Take the case of the bridge, but the same could be said about the other cases. The bridge has been built according to the newest insights and has been well maintained, but it has been destroyed by an earthquake. It’s a mere natural disaster. We are sad that it happened, but it happened. But what if the bridge would have been blown up by terrorists? Then we are not sad but angry. Apparently there is a difference between natural limitations and human limitations. Even more, we may find the latter objectionable, while we’ll never use such a word for natural causes.

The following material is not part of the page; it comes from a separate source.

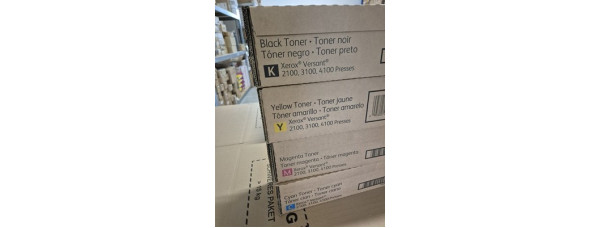 4 Toner Xerox Versant 2100, 3100, 4100 CMYK Neu OVP A-Ware Original Rg MwSt 4 Toner Xerox Versant 2100, 3100, 4100 CMYK Neu OVP A-Ware Original Rg MwSt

Once we see this, we are close to the solution of our problem. For “objectionable” has everything to do with objectives, so with purposes. We cannot find what nature does objectionable. Nature doesn’t have purposes but in nature everything just happens, and that’s it. The word “objectionable” can be applied only to human agents, namely to what they do and to the effects of what they do. As Robert Kane says in his book The Significance of Free Will: “Objectionable control is exercised by purposeful agents, not natural forces.” And, referring to Daniel Dennett, he continues: “For, while nature may determine us, nature (‘not being an agent’) does not control us.” (p.69). So, while both nature and the purposeful agent constraint us and limit us in what we can do, nature has no interests in doing so and doesn’t act intentionally. The purposeful agent, however, does have interests, like earning money in the case of the owners of the social media. In view of these interests the purposeful agent sets his aims and tries to manipulate and so constraint our behaviour intentionally. By doing so this agent impedes the wills of the persons who are his objects. That’s why we don’t simply say that the agent determines what we do but that he controls what we do. In this way he limits our freedom, even in case we don’t know he does. But why should we follow the will of the other? Freedom is “the power to be the ultimate source or origin of one’s own ends or purposes rather than have that source be in something other than you.” (id., p.70) In short, freedom is being yourself. That’s what you give up, if you allow yourself being controlled by social media like Facebook, Instagram, Tumblr, Pinterest, and searching engines like Google, and so on. But maybe you are happy with it.

Source
Robert Kane, The Significance of Free Will. Oxford: Oxford University Press, 1998; pp.67-71.